I think it’s an aura that surrounds these places. We wonder who walked these same steps, peered through these same windows, touched these same stones. What kind of world did they live in? When I’m in a place that has such an ancient history I try to imagine what life must have been like for those who lived there at the time. In a place with many years of history behind it you know that you are treading in the footsteps of many other people. It may have been common folk, it may have been kings and queens. One thing you know is that the world was a very different place when those statues were carved, those stones were mortared together and those gates were smelted. It“s one of the things I love about going to Europe. I haven’t been able to go too many other ancient places but I’d love to see Stonehenge, the Acropolis, Easter Island, the Lascaux caves and many other ancient places.

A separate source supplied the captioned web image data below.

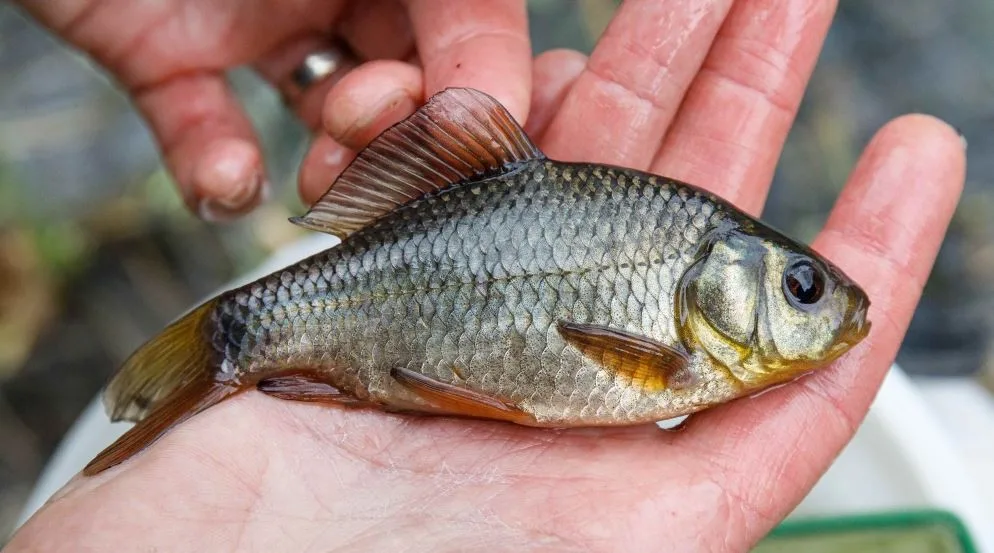 Pražská zoo vypustí ohrožené karasy do rybníka mimo hlavní město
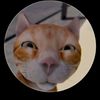 hanzsoftspoken15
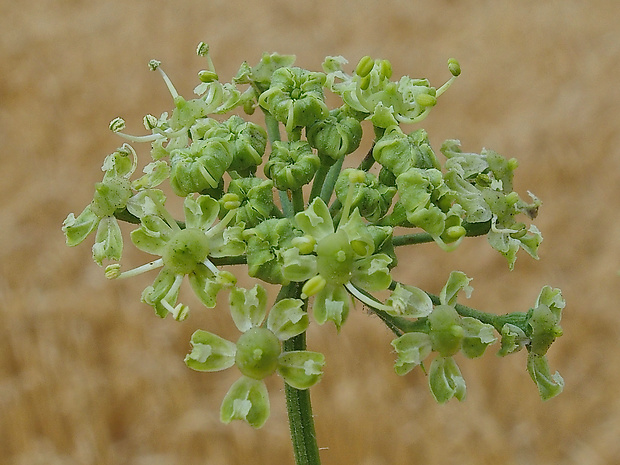 boľševník borščový zelenokvetý Heracleum sphondylium subsp. chloranthum (Borbás) H. Neumayer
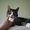 Photo of Lulu S.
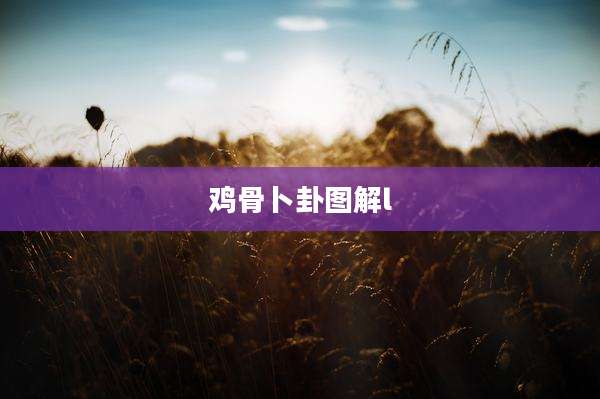 鸡骨卜卦图解l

I have been to this monastery which is one of the oldest in Europe. I remember peering into the hall where the monks used to take their meals. My host told me the story of how the monks weren’t supposed to eat meat during Lent so they hid it in pasta!
Here is the source I can give you to say that my host was not making it up!
“Maultaschen are rumored to have been invented by monks of the Maulbronn monastery to conceal the fact that they were eating meat during lent. The monks hid the meat inside of the Maultaschen, believing that God couldn’t see it that way. (This is reflected in the humorous alternative Swabian name Herrgottsbescheißerle (roughly: “little ones to cheat on the Lord”
I just love the sense that we are all connected some way in time. On this same trip we had homemade Maultaschen! It was soooo good!